Por Maria De Simone Ferreira.
No ano de 1851, aporta no Rio de Janeiro o jovem grumete alemão Carl von Koseritz, acompanhado de 1900 soldados e 52 oficiais da Legião Alemã contratada pelo Império do Brasil para lutar na fronteira contra Oribe e Rosas. Von Koseritz é logo encaminhado para o Rio Grande do Sul na condição de mercenário, porém, ao chegar à província sulista, o alemão abandona a Legião e estabelece-se em Pelotas, onde atuará como forte liderança política dos interesses dos colonos alemães junto à província e ao governo imperial.
Trinta e dois anos após seu primeiro contato com a Corte imperial brasileira, von Koseritz decide empreender uma nova viagem ao Rio de Janeiro, a qual deixará registrada em um diário de viagem, publicado, concomitantemente, ao longo de sua jornada na Gazeta de Porto Alegre, em português, e no Deutsche Zeitung (Jornal Alemão), em alemão, sob os títulos de Cartas da Corte e Em viagem.
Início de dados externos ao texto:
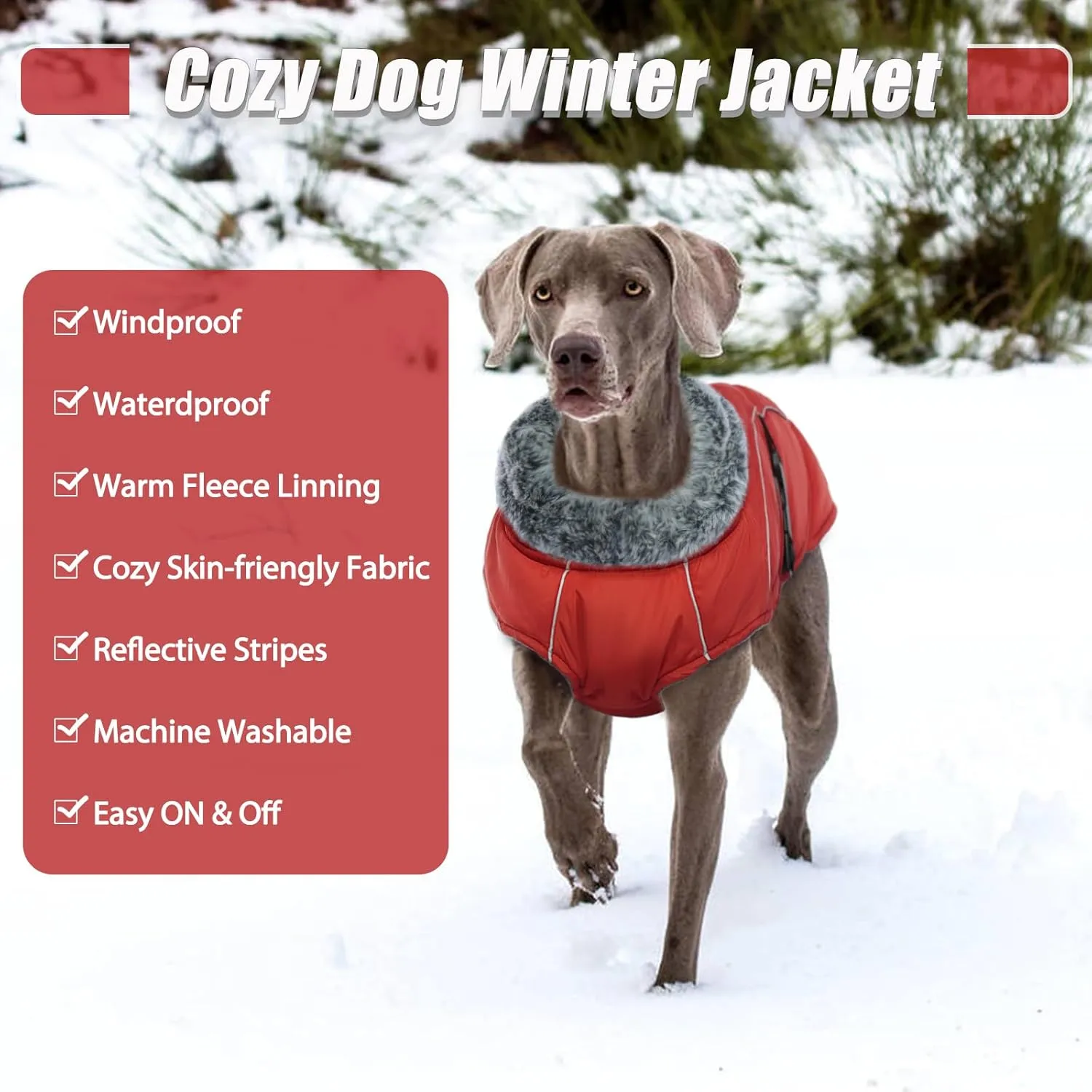 DENTRUN Dog Winter Warm Coat - Windproof Cozy Jacket with Thick Fleece, Water Repellent, Reflective for Outdoor Small to Large Dogs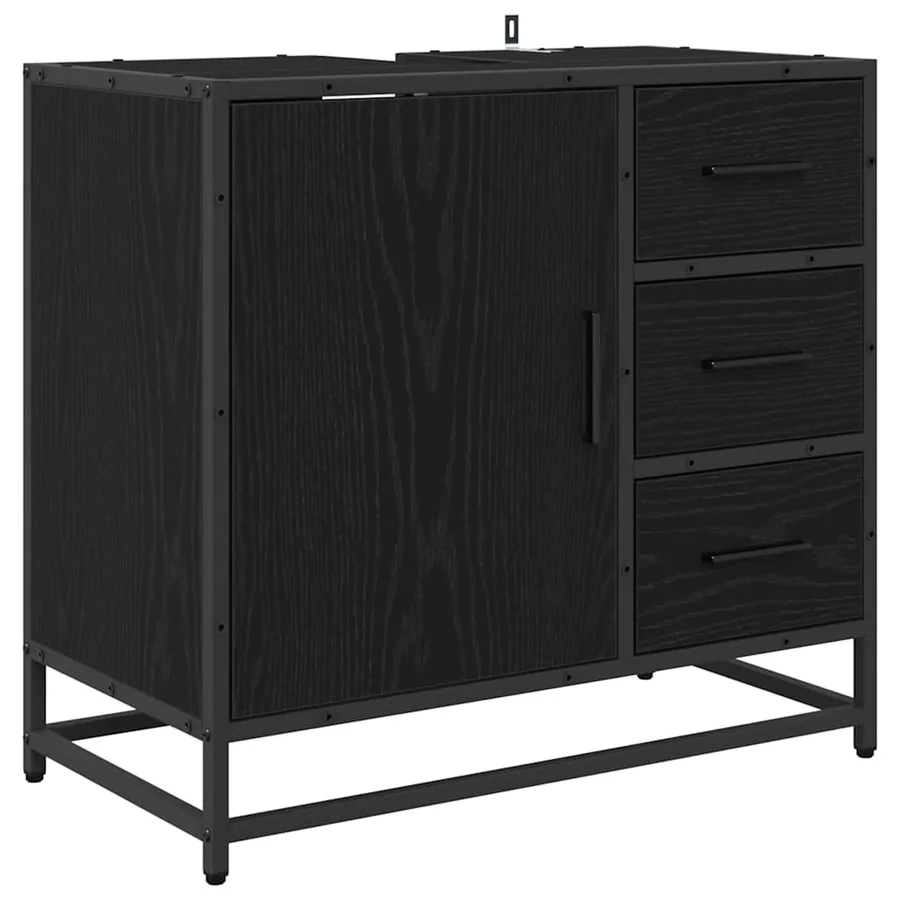 Ensemble de mobilier de salle de bain 4 pcs Chêne noir - 5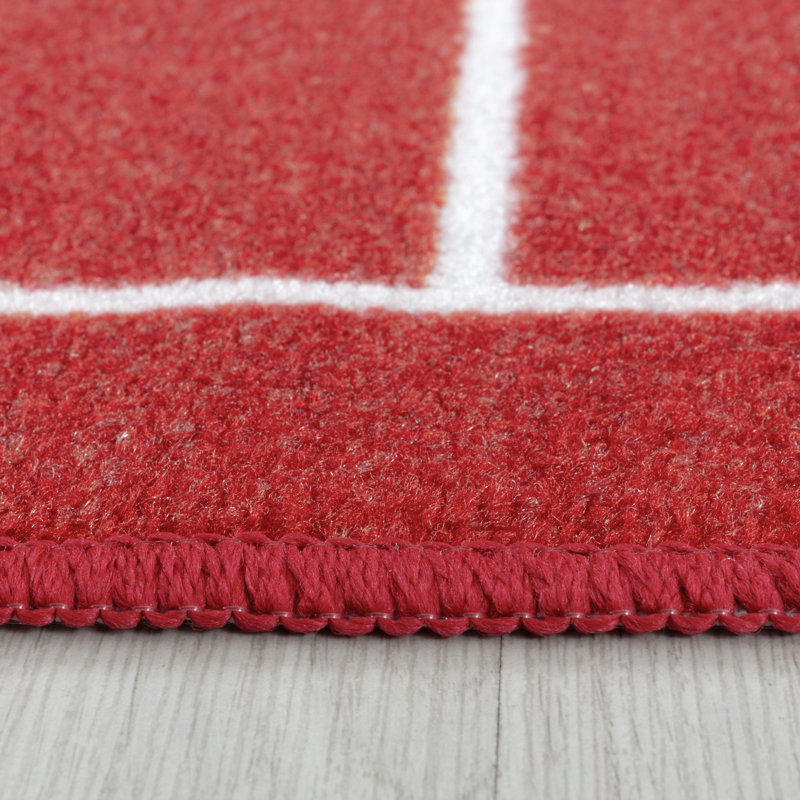 Gillies Flatweave Red/Green Rug, Rectangle 80 x 120cm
Em 1941, as cartas foram compiladas no livro Imagens do Brasil.
Naquele ano de 1883, von Koseritz encontrava-se com 53 anos, já havia atuado no sul como educador, jornalista, etnólogo, colecionador e, quando de sua vinda à capital do Império, exercia a função de deputado provincial, interessando-lhe objetivamente com a viagem defender os interesses políticos da província sul rio-grandense no tocante à imigração de colonos alemães para o Brasil. Imagens do Brasil é uma obra dedicada primordialmente às descrições do viajante sobre a cidade do Rio e sobre a vida na Corte, não obstante, seu principal desejo parece ter sido poder observar e registrar impressões da cidade, vivenciar o cotidiano da boa sociedade e civilizar-se nas instituições imperiais, segundo suas palavras em 26 de abril de 1883:
“É certo que sentimos aqui pulsar a vida do Império – aqui nos encontramos no ponto central e mais importante dele e vê-se diariamente na rua do Ouvidor os homens que governam o país e conduzem a opinião pública. (…) O Rio de Janeiro é o Brasil, e a rua do Ouvidor é o Rio de Janeiro, – eis uma sentença cheia de verdade.”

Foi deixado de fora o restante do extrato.